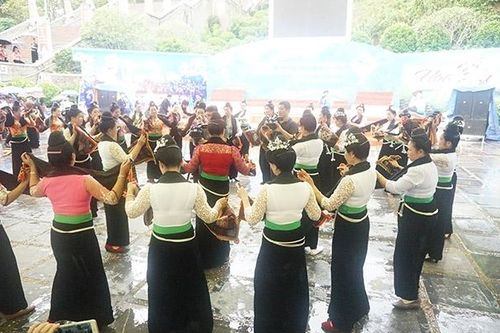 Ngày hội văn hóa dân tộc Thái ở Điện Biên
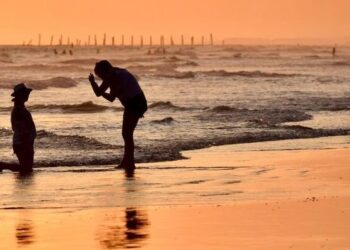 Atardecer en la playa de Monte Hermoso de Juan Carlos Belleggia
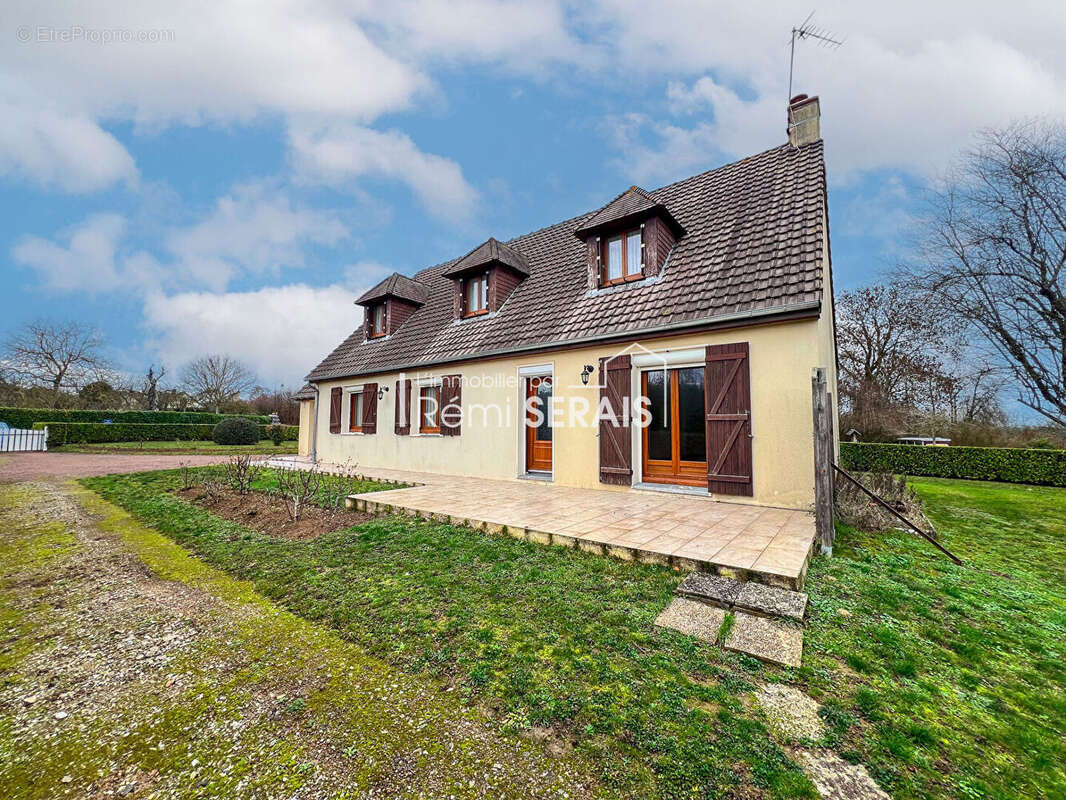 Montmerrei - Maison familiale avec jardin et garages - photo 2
· · · · ·
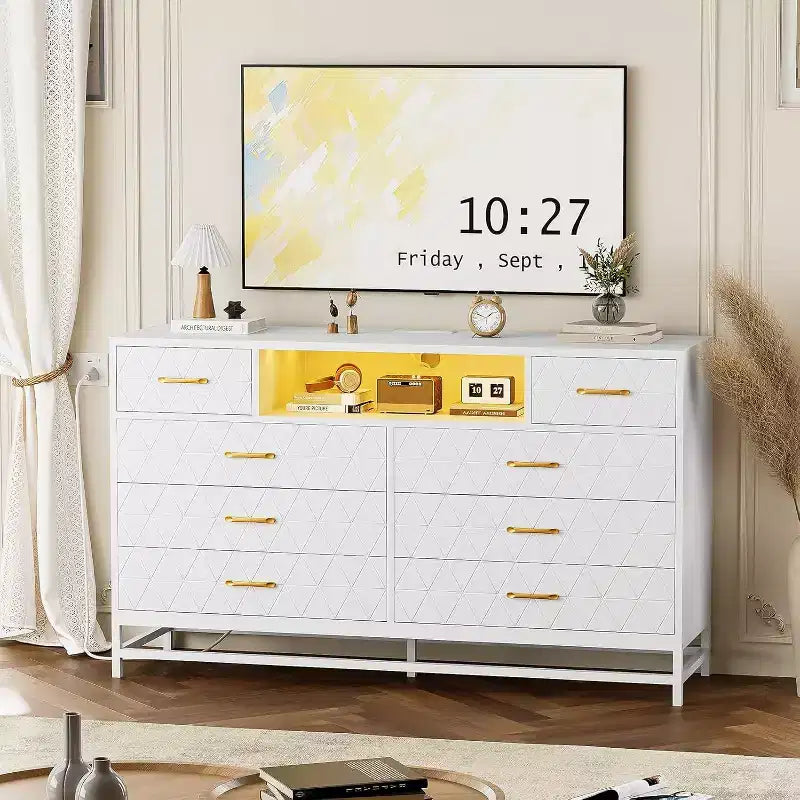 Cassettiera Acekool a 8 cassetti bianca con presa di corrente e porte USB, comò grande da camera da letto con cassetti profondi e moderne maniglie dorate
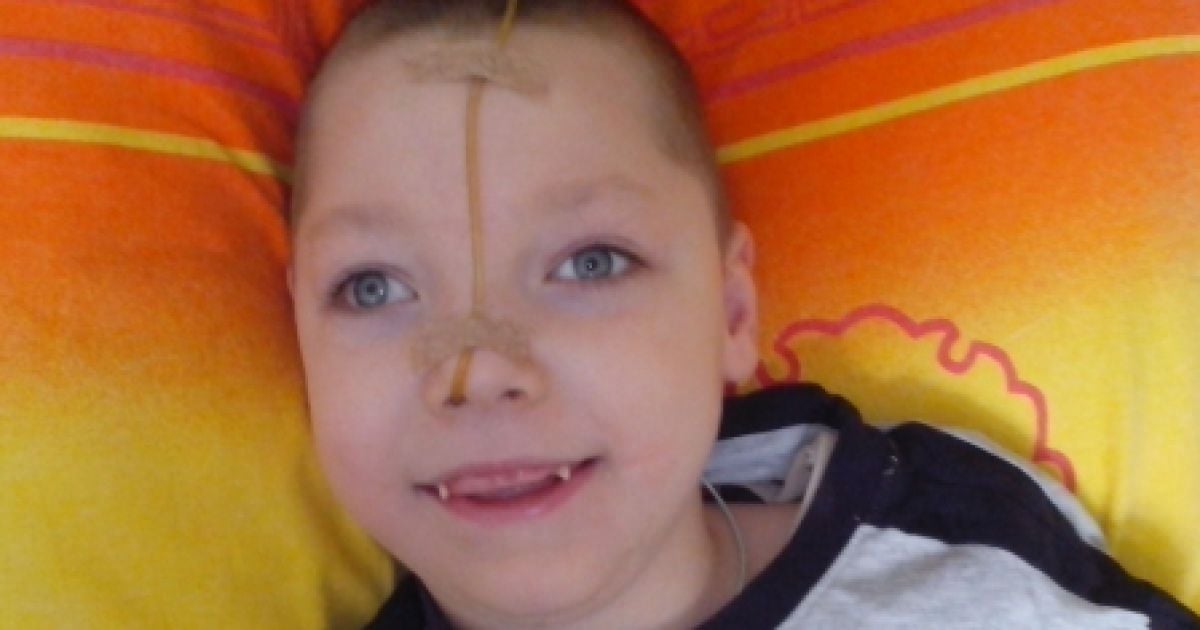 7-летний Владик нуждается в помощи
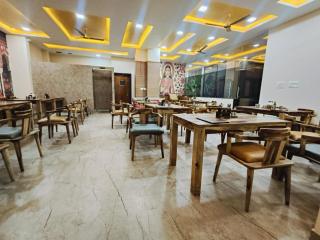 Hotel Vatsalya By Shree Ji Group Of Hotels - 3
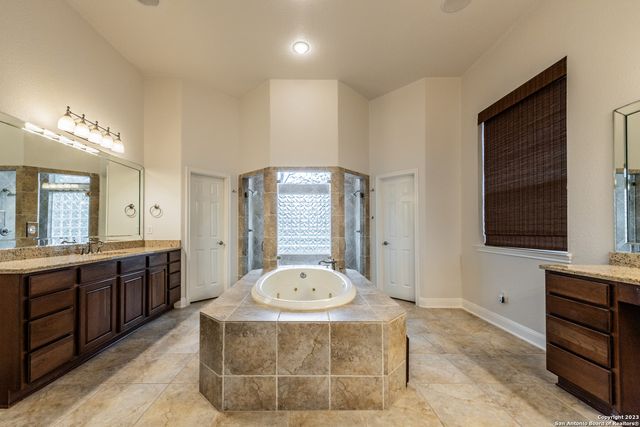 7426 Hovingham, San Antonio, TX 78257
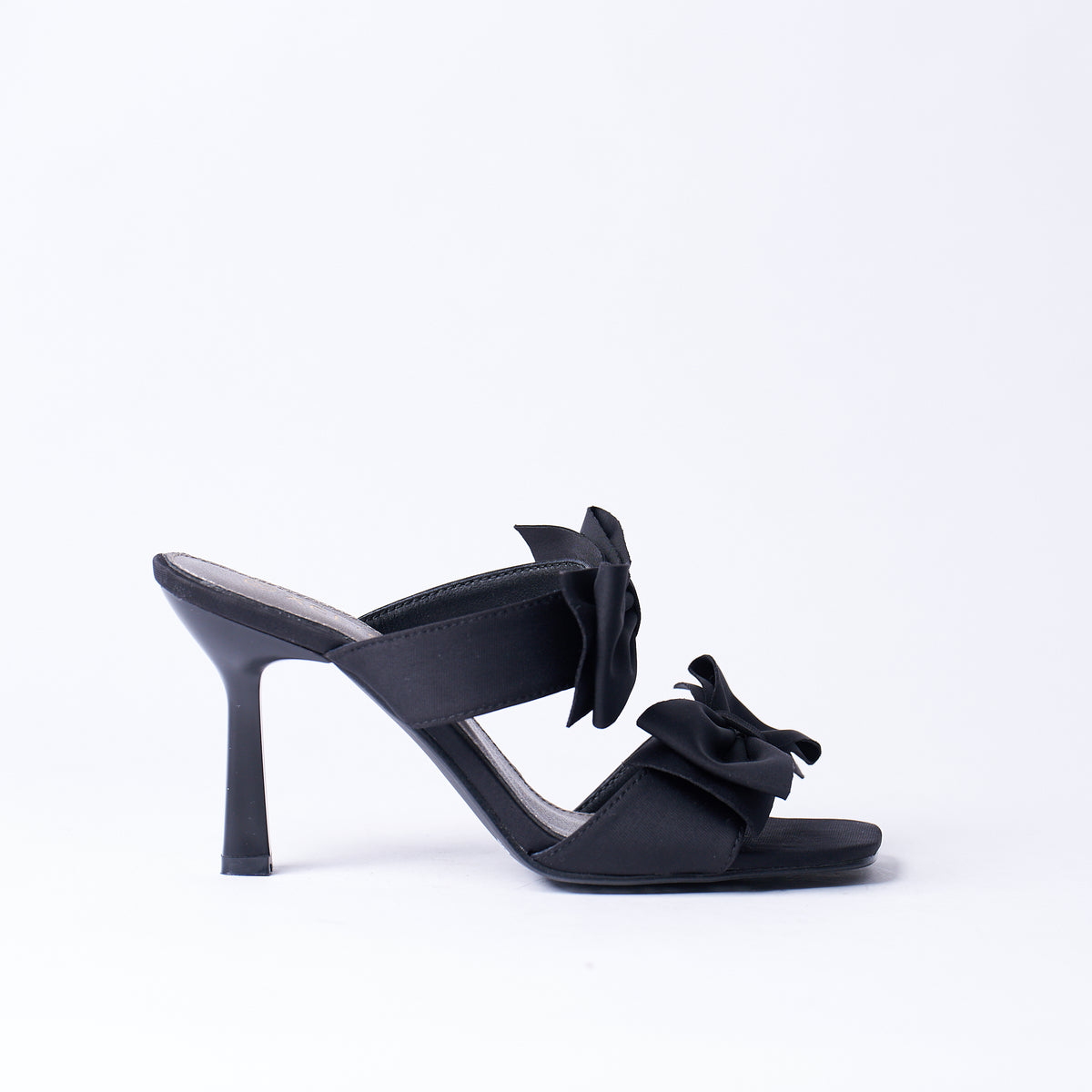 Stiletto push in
· · · · ·
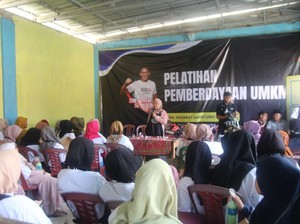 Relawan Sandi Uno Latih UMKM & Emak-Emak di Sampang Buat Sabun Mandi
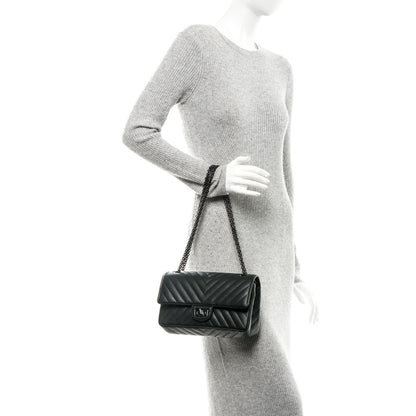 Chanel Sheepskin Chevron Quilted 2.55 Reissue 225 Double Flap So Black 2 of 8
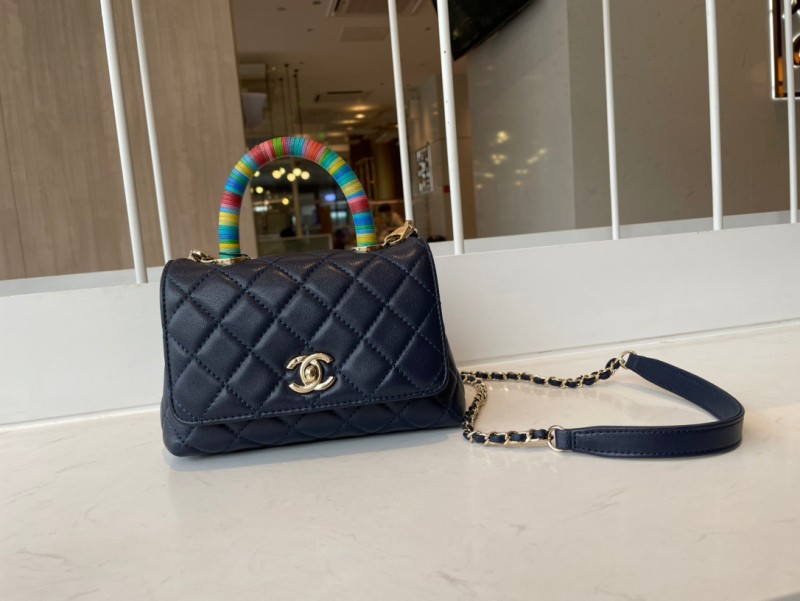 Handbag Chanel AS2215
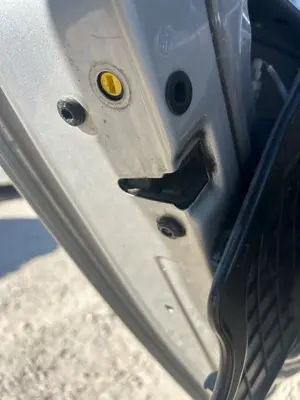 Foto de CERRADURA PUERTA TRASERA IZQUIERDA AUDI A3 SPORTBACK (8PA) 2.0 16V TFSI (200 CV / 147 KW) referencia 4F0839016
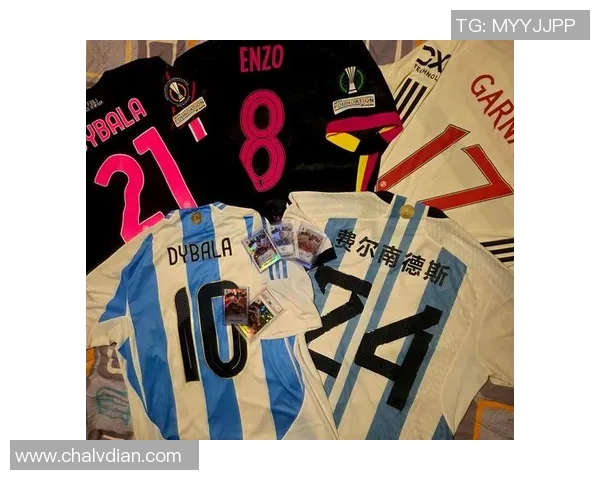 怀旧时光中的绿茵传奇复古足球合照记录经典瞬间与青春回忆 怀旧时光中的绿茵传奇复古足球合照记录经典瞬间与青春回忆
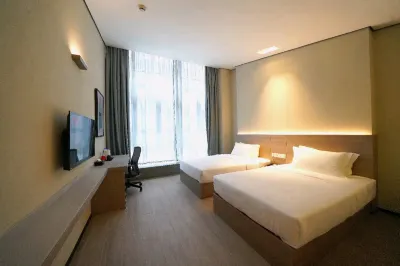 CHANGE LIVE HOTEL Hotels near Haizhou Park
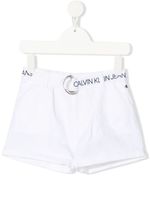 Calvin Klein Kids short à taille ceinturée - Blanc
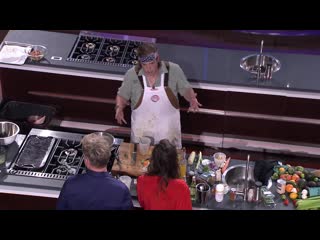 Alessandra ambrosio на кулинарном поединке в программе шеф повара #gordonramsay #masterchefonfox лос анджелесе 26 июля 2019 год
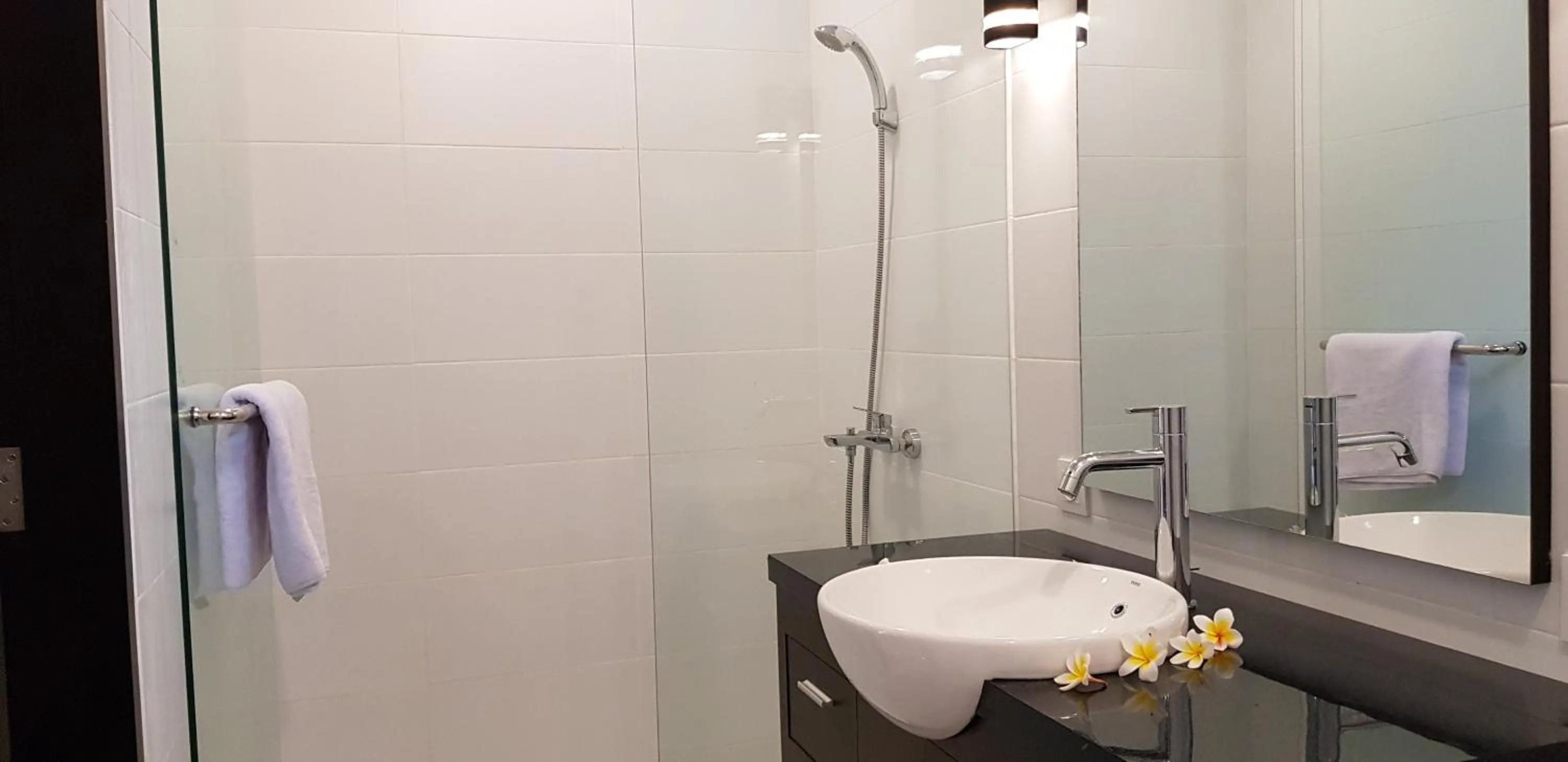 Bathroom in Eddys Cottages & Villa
· · · · ·
Reproduce the listing above only between the lines holding "Handbag Chanel AS2215" and "Bathroom in Eddys Cottages & Villa", inclusive. Every line must match exactly, and pictures are dropped.

 Handbag Chanel AS2215
 Foto de CERRADURA PUERTA TRASERA IZQUIERDA AUDI A3 SPORTBACK (8PA) 2.0 16V TFSI (200 CV / 147 KW) referencia 4F0839016
 怀旧时光中的绿茵传奇复古足球合照记录经典瞬间与青春回忆 怀旧时光中的绿茵传奇复古足球合照记录经典瞬间与青春回忆
 CHANGE LIVE HOTEL Hotels near Haizhou Park
 Calvin Klein Kids short à taille ceinturée - Blanc
 Alessandra ambrosio на кулинарном поединке в программе шеф повара #gordonramsay #masterchefonfox лос анджелесе 26 июля 2019 год
 Bathroom in Eddys Cottages & Villa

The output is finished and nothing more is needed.